Dude, no matter how drunk you are, it's not okay to hug every other guy at a strip club. Mainly because boners are far too common.
Ok. Also I almost just threw up. Seriously. I was think to myself "really? Here? Now? At my work desk?" and then it went away.
how opposed are you to picking me up at the bar at 11:00am?
will you please explain to me as to why or how i have a dirtbike tread looking bruise on my back?
Im in the STD packet for new students this year. And im going to be plastered tonight so be forewarned
When I eventually hook up with a resident lets refer to it as taking a hands on approach to my job
I need to stop treating my body like that of a Vegas hooker on vacation in Ibiza
i have two emotions: emotionless and blind with rage
i woke up in his neighbors pool house. Not sure how I got here but there is people swimming outside. how do I escape?
just fucking run.
All that fucking tequilla made my head feel like it's inside of a body builder's asshole. He's doing squats.

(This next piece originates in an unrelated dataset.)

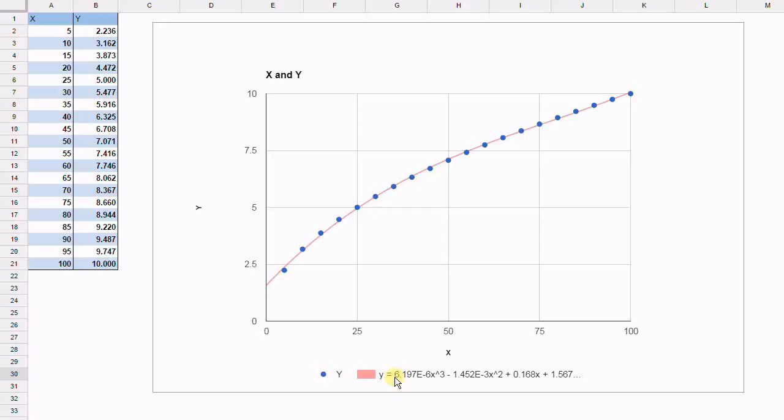However, we know that the data actually is y is equal to the square root of x. So we know that this equation cannot be representing the data. In the next video, we're going to show you how to determine the correct way of transforming the data so that you will get the correct equation out of the data.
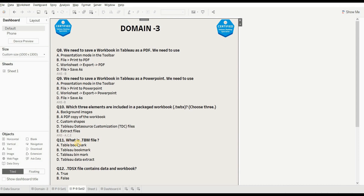Next question: what is a .tbm file? Options are: Tableau bookmark, workbook, bin mark, or Tableau data extract. The right option is B - it is a Tableau bookmark (.tbm).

not totally sure where im at but i think i've definitely woken up on this couch before. bong on the coffee table looks familiar. should be able to find my way home
we told the drug dealer that our car was dead and we needed a jump so he would bring the drugs to us...
He came over last night and as soon as we started having sex Siri announced "you've arrived at your destination." I think it was some kinda sign
So I came to the conclusion that who ever pour my ever clear out saved my life
I have filthy fantasies involving his tongue. My vagina almost exploded while he was licking that ice cream cone.